A huge part of the problem is pride. Answering “what do you do?” with “I’m a stay-at-home dad” is the final step toward openly acknowledging that I’m not going to be the important scribbler I’d once planned to be — at least, not anytime soon.

So, here we go. (Deep breath.) I’m a stay-at-home dad.

Then there’s the issue of people’s reactions. As much as I’d like to pretend otherwise, I do let it get to me. So when, after emphasizing to both my sister and my wife the importance of having a parent at home, my mother continues to call me to ask about my job search and have I tried career option A or education option B?, it does get to me much more than I want to admit. Really? The writer is going to work while the physician stays home? By the way, mom, I’m telling Gloria Steinem (mom still gets all feminist-y when you push her.)

So I’ll breathe deeply again and say it: I’m a stay-at-home dad.

And I’ll just have to get used to the reactions, whatever they are. (Don’t smirk, you bastards.)
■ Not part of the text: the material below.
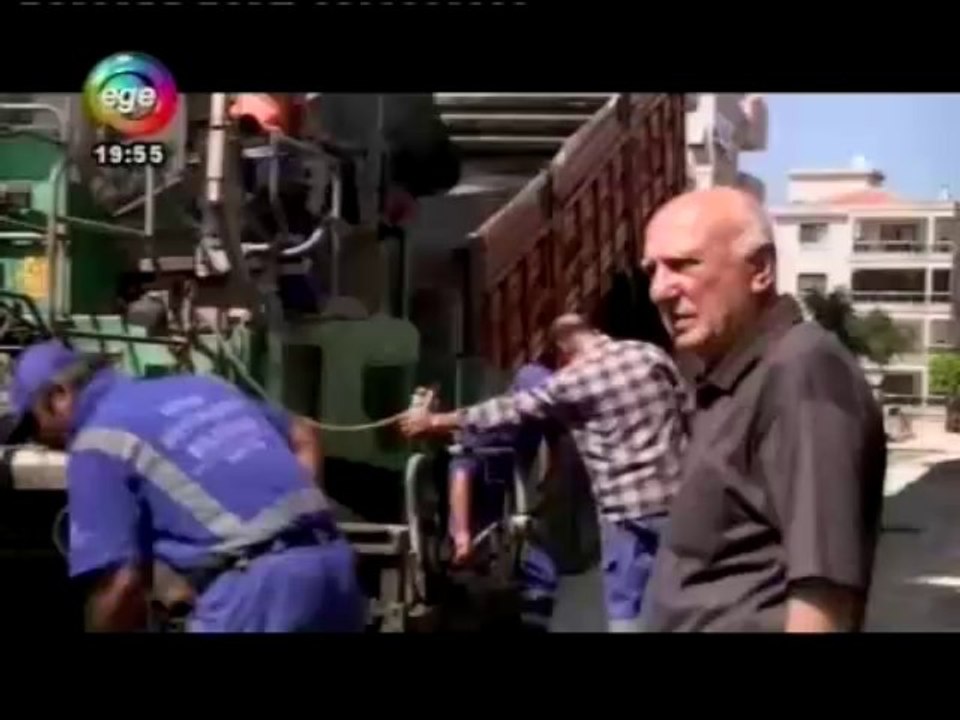 ALİAĞA BELEDİYE BAŞKANI ÖMER TURGUT OĞUZ'UN YENİ YIL MESAJI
It’s a big step for me, though I don’t expect much sympathy from jaded moms out there.

1 Comment »

  • Scott says:

    lol… “Pride”

    You nailed it, man. My default defense is that once you get over the loss of pride it’s a pretty damned cool job. And truth be told, the vast majority of my male buddies have confessed some measure of jealousy over my circumstances. Still, there is that lingering sense that I’ve been socially demoted. Though at this point I’ve got my game locked down well enough that I don’t give it much thought. Wouldn’t trade this opportunity for the world.